I recently had the chance to invite friends and family to a celebration, and as I was planning the event I decided I wanted music – both for ambiance, and for dancing – but I really don’t like hiring a DJ for these things. Aside from wanting to save money (which was a factor, of course), I’m not very fond of the emcee role that most DJs naturally take on. So I set about creating my own playlists for my iPod touch.
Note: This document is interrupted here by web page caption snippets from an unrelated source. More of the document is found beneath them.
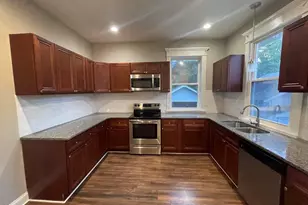 307 E 5th St, Burlington, NC 27215 - Photo 8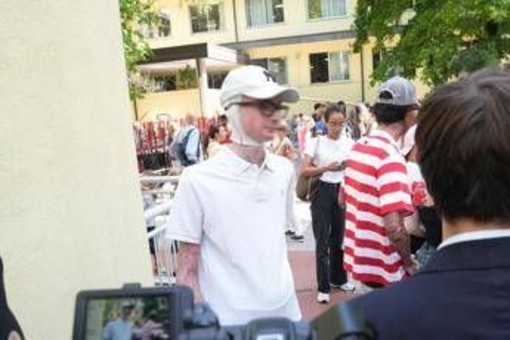 Primo giorno di scuola per i 4 ragazzi del Virgilio di Milano rimasti feriti a Crans Montana: l'applauso e l'abbraccio dei compagni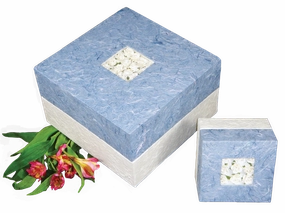 Embrace Earthurn Biodegradable Urn - Floral Bouquet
The playlist idea was shaping up nicely until I learned that my iPod touch, being 4th generation (I mentioned being careful about money, right?), did not have a very important feature: the ability to crossfade tracks. This is one thing that a DJ really helps with – getting rid of the pauses that come between songs. Some of those can be mitigated by going into the track info in iTunes and choosing specific start and end times for each song (very useful for songs that have ginormous gaps at one end or the other), but it doesn’t have that smooth transition that makes it sound professional.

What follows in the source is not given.